Page MenuHomePhabricator

Sanitizer entity restrictions should match HTML5
Closed, ResolvedPublic

Description

As pointed out in T106079, the code in Sanitizer.php:validateCodepoint doesn't exactly match up with the HTML5 spec for valid character entities. The spec says:

The numeric character reference forms described above are allowed to reference any Unicode code point other than U+0000, U+000D, permanently undefined Unicode characters (noncharacters), surrogates (U+D800–U+DFFF), and control characters other than space characters.

It then defines control characters as:

The control characters are those whose Unicode "General_Category" property has the value "Cc" in the Unicode UnicodeData.txt data file. [UNICODE]

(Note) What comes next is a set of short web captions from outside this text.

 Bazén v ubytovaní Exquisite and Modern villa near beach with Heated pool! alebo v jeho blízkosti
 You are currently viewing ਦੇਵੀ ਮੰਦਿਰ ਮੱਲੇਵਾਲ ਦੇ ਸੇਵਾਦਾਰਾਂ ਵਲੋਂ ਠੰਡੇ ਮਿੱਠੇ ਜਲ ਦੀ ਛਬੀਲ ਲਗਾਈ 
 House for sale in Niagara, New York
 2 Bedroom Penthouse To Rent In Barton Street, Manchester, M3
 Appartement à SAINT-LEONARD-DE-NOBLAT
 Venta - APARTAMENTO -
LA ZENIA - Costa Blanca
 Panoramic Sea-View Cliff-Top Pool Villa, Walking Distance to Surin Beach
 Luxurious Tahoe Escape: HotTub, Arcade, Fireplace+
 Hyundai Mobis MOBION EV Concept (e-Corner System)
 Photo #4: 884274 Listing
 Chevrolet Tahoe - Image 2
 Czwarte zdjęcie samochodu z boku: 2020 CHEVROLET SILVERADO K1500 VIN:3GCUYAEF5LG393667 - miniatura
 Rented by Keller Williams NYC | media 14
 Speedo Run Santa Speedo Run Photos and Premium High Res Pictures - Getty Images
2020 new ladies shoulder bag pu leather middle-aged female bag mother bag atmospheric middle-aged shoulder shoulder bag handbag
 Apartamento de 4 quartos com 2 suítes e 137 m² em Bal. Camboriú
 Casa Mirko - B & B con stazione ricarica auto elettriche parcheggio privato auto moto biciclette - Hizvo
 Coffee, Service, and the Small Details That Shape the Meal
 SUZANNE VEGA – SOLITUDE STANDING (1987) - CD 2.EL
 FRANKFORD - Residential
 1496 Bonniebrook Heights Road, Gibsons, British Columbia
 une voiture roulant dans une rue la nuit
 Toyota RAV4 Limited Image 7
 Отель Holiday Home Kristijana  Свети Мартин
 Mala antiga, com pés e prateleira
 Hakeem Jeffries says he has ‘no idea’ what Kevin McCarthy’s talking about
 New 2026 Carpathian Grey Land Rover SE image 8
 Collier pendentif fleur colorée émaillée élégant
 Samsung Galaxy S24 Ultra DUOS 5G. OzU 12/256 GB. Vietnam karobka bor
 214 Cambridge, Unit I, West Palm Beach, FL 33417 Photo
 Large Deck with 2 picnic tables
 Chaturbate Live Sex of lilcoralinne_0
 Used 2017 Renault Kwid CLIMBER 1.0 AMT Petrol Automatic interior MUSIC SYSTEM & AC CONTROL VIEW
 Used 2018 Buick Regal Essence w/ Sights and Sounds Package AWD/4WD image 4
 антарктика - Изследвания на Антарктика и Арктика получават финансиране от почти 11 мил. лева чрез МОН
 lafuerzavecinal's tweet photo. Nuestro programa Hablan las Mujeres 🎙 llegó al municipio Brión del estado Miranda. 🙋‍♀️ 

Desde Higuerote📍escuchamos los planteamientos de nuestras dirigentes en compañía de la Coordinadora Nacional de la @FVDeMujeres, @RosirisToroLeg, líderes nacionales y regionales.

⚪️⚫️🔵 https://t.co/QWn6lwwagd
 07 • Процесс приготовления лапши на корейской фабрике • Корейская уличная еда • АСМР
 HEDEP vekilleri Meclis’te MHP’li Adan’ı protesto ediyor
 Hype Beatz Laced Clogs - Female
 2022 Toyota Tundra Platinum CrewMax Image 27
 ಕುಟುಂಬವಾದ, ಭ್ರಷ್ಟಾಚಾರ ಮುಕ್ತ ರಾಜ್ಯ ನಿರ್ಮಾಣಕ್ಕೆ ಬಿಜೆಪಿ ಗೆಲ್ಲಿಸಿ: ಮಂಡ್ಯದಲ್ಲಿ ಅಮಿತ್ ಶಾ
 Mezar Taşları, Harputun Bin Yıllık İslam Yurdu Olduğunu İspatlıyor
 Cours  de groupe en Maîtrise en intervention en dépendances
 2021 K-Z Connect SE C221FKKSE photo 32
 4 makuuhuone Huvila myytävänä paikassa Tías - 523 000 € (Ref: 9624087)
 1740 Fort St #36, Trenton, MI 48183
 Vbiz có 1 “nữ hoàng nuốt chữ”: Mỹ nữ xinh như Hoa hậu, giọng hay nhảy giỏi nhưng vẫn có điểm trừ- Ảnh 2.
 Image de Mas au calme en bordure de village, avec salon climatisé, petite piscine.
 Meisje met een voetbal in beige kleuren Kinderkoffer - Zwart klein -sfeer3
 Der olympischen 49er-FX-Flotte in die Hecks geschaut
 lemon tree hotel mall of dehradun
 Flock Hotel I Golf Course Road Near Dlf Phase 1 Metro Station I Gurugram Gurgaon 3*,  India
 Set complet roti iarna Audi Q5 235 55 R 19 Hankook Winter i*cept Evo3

which as of this writing is U+0000 - U+001F (inclusive) and U+007F - U+009F (inclusive).
The spec defines space characters as:

The space characters, for the purposes of this specification, are U+0020 SPACE, U+0009 CHARACTER TABULATION (tab), U+000A LINE FEED (LF), U+000C FORM FEED (FF), and U+000D CARRIAGE RETURN (CR).

(But note that U+000D is explicitly prohibited as a numeric entity, even though it is a space character).

The code from Sanitizer.php reads:

	/**
	 * Returns true if a given Unicode codepoint is a valid character in XML.
	 * @param int $codepoint
	 * @return bool
	 */
	private static function validateCodepoint( $codepoint ) {
		return $codepoint == 0x09
			|| $codepoint == 0x0a
			|| $codepoint == 0x0d
			|| ( $codepoint >= 0x20 && $codepoint <= 0xd7ff )
			|| ( $codepoint >= 0xe000 && $codepoint <= 0xfffd )
			|| ( $codepoint >= 0x10000 && $codepoint <= 0x10ffff );
	}

This differs from the HTML5 spec, in that it allows U+000D and does not allow U+000C. It also allows U+007F - U+009F, which are banned control characters.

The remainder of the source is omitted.